Summarizing, in the search context, no definite answer is available to the question of the influence of a binding minimum wage on unemployment. In the spirit of Koning et  al. (1995), one could argue that as long as the minimum wage is not too high, there are no employment effects of minimum wages and these only redistribute rents. However, considering the labor market as an ensemble of segmented specific labor markets suggests that a too high minimum wage could make a whole segment unprofitable (see Van den Berg and Ridder 1998). In this case there are pronounced employment effects. Note that when search frictions or more general monopsonistic structures are important, from the point of view of maximizing social welfare it can be desirable to introduce or increase a minimum wage in order to redistribute rents from firms to workers without incurring the cost of increasing unemployment (see, e.g. Manning 2003a).

Again, with respect to the particular German setting I  would argue that sector-specific minimum wages offer a possibility to introduce minimum wages that are not particularly harmful to employment. From the point of view of search theory, search frictions might differ across sectors and, thus, monopsony power and the desire to redistribute rents will differ. Sector-specific minimum wages could be set to this end. Whether they are indeed set to this end is another question.

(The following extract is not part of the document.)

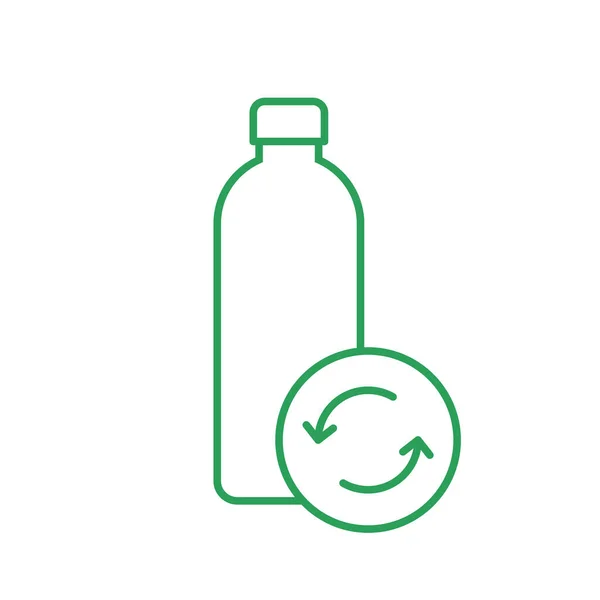 可重复使用的瓶子细线图标与回收标志 可回收玻璃瓶 可持续的生活方式 白色背景的绿色轮廓 零浪费生态友好的概念 矢量图解 剪贴画 — 图库矢量图片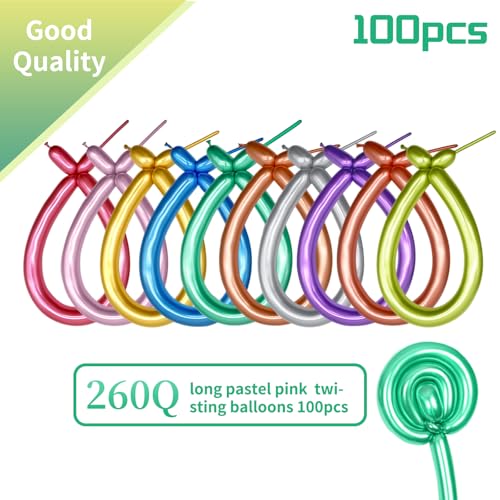 KAWKALSH 260 Metallic Multi Long Balloons for Balloon Garland Thickening Skinny Latex Twisting Animals Modeling Christmas Birthday Wedding Party Festival Decorations 100pcs - Image 5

In summary, search approaches offer a good alternative and complement to neo-classical model frameworks. The frictional framework provides a basis for a better understanding of labor market mechanisms in a world of imperfect information. It adds to our understanding as far as labor market dynamics is concerned and as far as the determinants of residual wage dispersion are concerned. Thus, the model is a valuable alternative framework, for evaluating labor market policies, as, for example, minimum wages. It turns out from our analysis above that the impact of minimum wages is complex. Further theoretical and empirical work is necessary to decide on the issue of employment and wage effects of a minimum wage legislation.

Executive summary

In the recent German debate about the introduction of legislated minimum wages, which often cites the argument from marginal productivity theory, was that minimum wages would always increase unemployment as soon as they are binding. However, contributions for the German constructions sector have shown that this is not necessarily the case (König and Möller 2008).

This paper analyses theoretical effects of minimum wages on employment and the wage distribution in an environment where wages are not set according to marginal productivity. This arises as a natural result in a model with search frictions (it takes time to find a job), as search frictions lend market power to firms. The paper relies on the assumption that this market imperfection, search frictions, is important and has to be taken into account.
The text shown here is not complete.